> _How to complete this task_
Leaving the pictures aside, repeat every line below exactly.

> _Provided material_
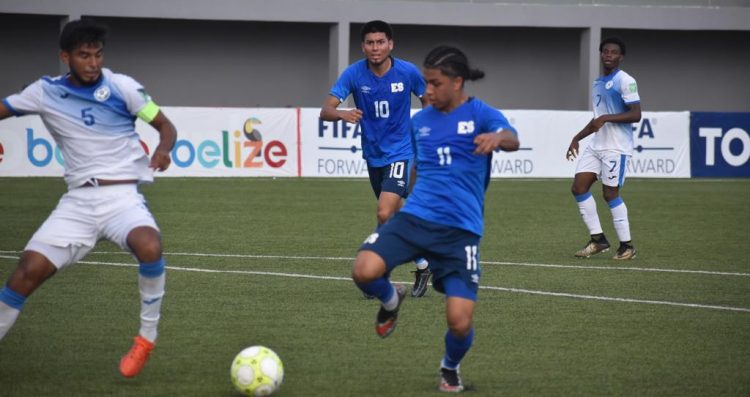 Ronald Arévalo (derecha), fue uno de los jugadores más destacados en el torneo de Uncaf. William Yzaguirre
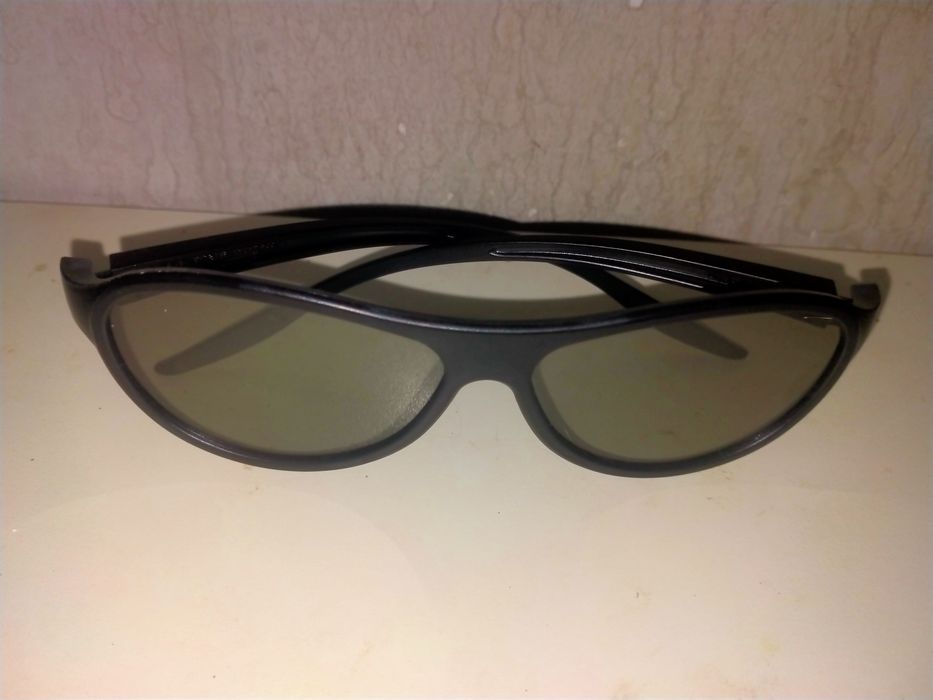 LG телевизор 3D продам не смарт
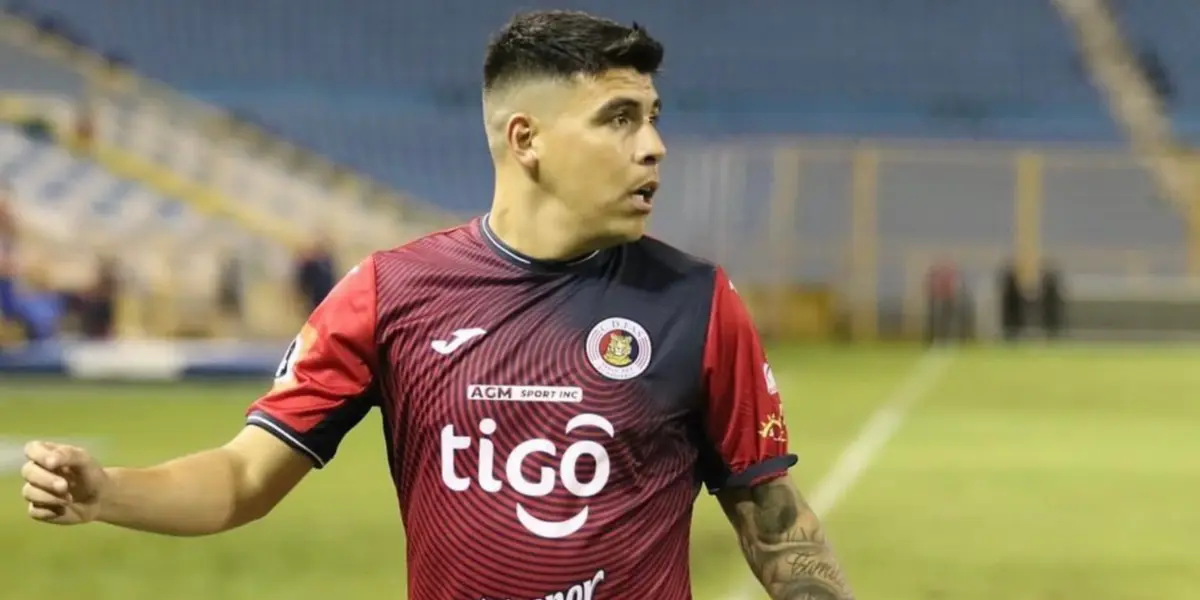 El mismo entrenador lo confirmó en una entrevista post partido, y aseguró no saber mayores detalles al respecto de su viaje de regreso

> _The answer_
 Ronald Arévalo (derecha), fue uno de los jugadores más destacados en el torneo de Uncaf. William Yzaguirre
 LG телевизор 3D продам не смарт
 El mismo entrenador lo confirmó en una entrevista post partido, y aseguró no saber mayores detalles al respecto de su viaje de regreso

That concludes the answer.